3.1 General approach to the data

The original presentation of the censuses, with all its peculiarities of spelling and phraseology, is interesting in its own right. Also interesting, though, is the possibility of processing the data automatically (by program), for instance by sorting it in ways that differ from the original order, or by searching for particular values (a name, say). In order to be able to process two items (such as two names) that are equivalent, they need to have the same form. If they are different in the original census, they need to be standardised. These two requirements - fidelity to the original and standardisation - are in conflict.

One way of standardising the data is to edit it directly. But this loses the original form. Another way is to add standard forms as annotation, and then to process only the standard forms. In the present collection, names of houses and of people have been kept in their original form, except for spelling out some abbreviations. Other fields have been standardised (on the assumption, for instance, that it is not interesting that 'widower' is sometimes spelt out in full, sometimes written as 'wid', and sometimes written as 'widr'.

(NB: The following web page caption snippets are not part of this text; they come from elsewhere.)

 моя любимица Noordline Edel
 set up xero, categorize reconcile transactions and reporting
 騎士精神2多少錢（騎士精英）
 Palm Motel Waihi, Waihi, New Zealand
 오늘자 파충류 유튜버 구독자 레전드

Some editing has been done on the <trade> field to standardise the spelling, spacing, and capitalisation of names of trades. For instance, 'Washer woman' and 'Washerwoman' are standardised as 'Washerwoman'. However, no attempt has been made to standardise trade information consisting of several trades (e.g. 'Lacemaker and servant') or where specific details of the trade are given (e.g. 'Farmer of 250 acres employing 5 labourers'). Given that there is only partial standardisation, the <trade> field is only partially searchable in its present form. For the 1901 census, trade information has been entered in both original and standard form (see §3.12).

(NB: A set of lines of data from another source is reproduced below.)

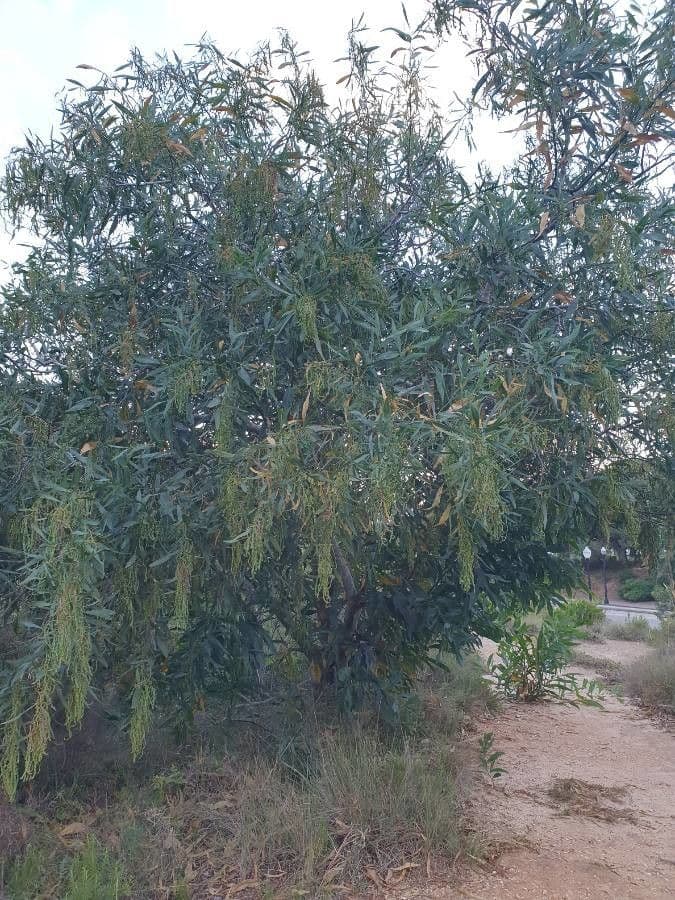 Mimosa dorata 14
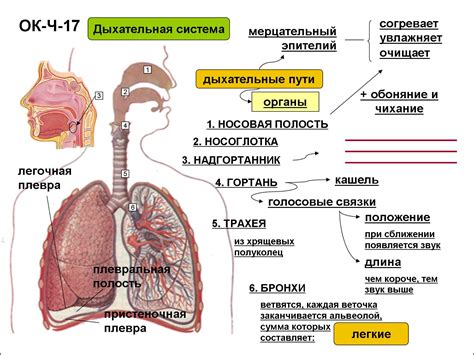 Опасность неподвижной слизи в органах дыхания
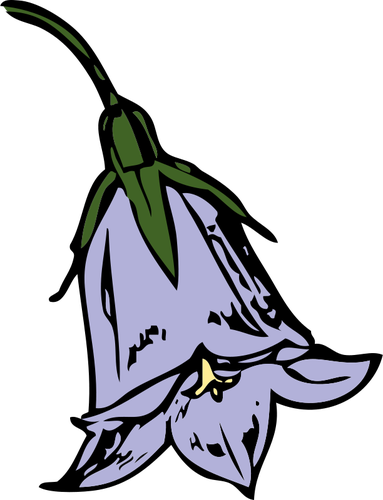 Vector illustraties van harebell bloem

Information on birth place has been separated into (a) the name of the village, town or city and (b) the name of the county. This allows these parts to be searched separately.

3.2 Rooms occupied

The rooms-occupied attribute of <household> indicates the number of rooms occupied where the number is less than five. In houses with a lot of people in them, this number indicates how crowded the rooms are.

3.3 Not in occupation

The 1901 census has a column marked 'Not in occupation'. Properties that are marked as not in occupation tend to be those that are named but have noone listed as living there. In these cases, 'Not in occupation' is redundant. It is omitted.

3.4 In occupation

In a small number of cases, the 1901 census records a property as being 'In occupation' even though noone is listed as living there. In these cases, an in-occupation="true" attribute is attached to <household>.

3.5 Abode

Abode is a house (or farm, pub, etc.) name. In some cases - perhaps where there is no conventional name to distinguish one house for another - it is the enumerator's5 invention.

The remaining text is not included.